§ **SOURCE MATERIAL**
++++++++
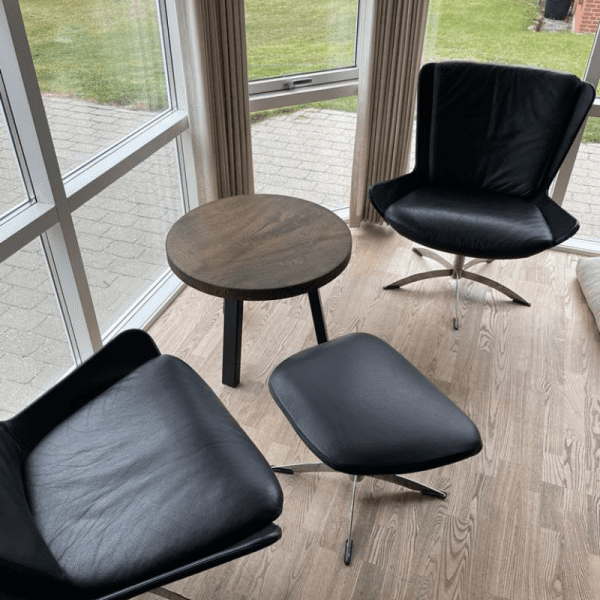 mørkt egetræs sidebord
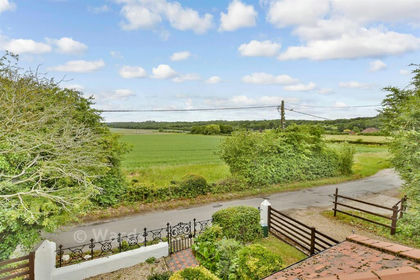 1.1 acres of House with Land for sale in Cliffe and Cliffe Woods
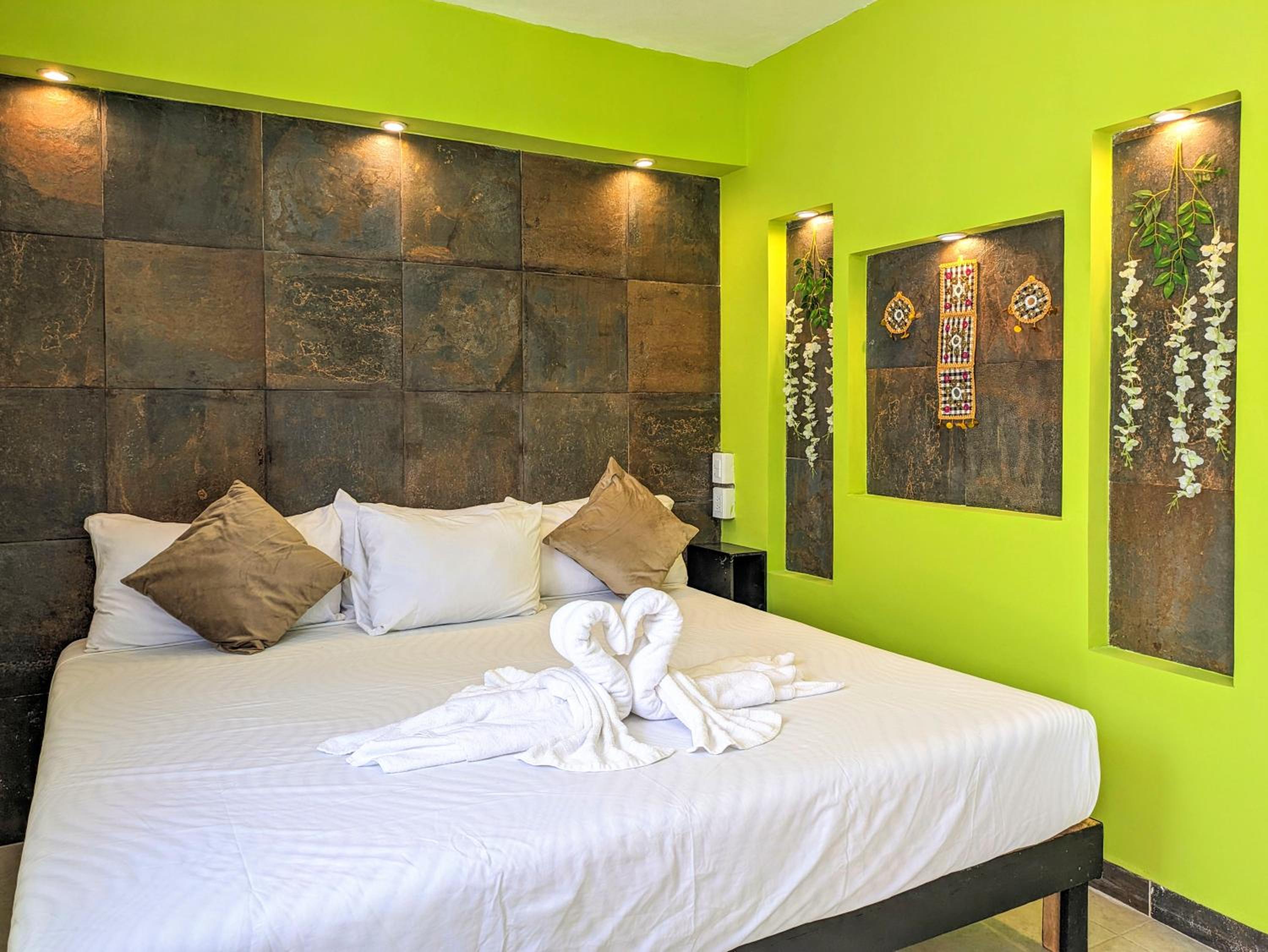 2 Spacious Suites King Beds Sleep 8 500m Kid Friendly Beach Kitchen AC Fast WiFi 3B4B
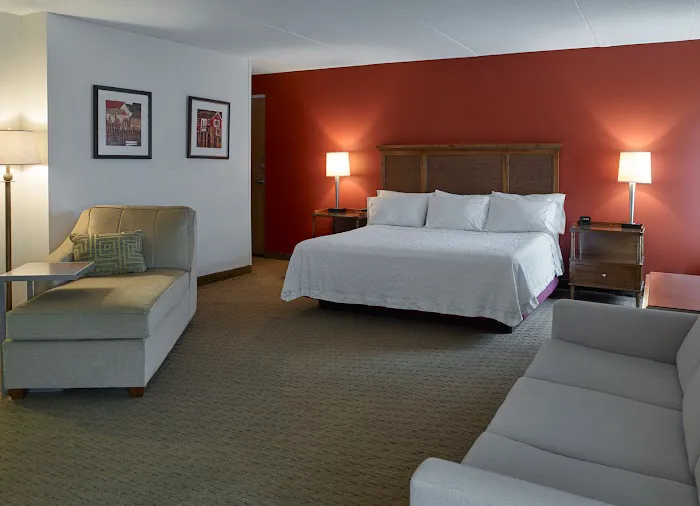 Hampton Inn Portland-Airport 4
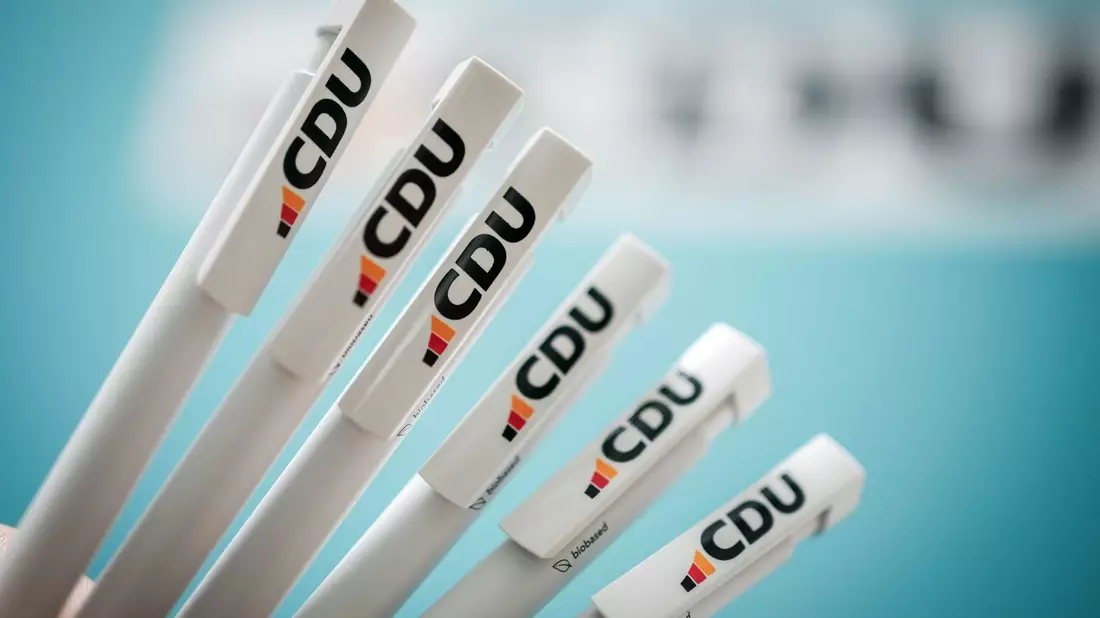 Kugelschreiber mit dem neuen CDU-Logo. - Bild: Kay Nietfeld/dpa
++++++++
§ **YOUR ASSIGNMENT**
All the lines above should be reproduced exactly, and none of the pictures.

§ **WRITTEN ANSWER**
 mørkt egetræs sidebord
 1.1 acres of House with Land for sale in Cliffe and Cliffe Woods
 2 Spacious Suites King Beds Sleep 8 500m Kid Friendly Beach Kitchen AC Fast WiFi 3B4B
 Hampton Inn Portland-Airport 4
 Kugelschreiber mit dem neuen CDU-Logo. - Bild: Kay Nietfeld/dpa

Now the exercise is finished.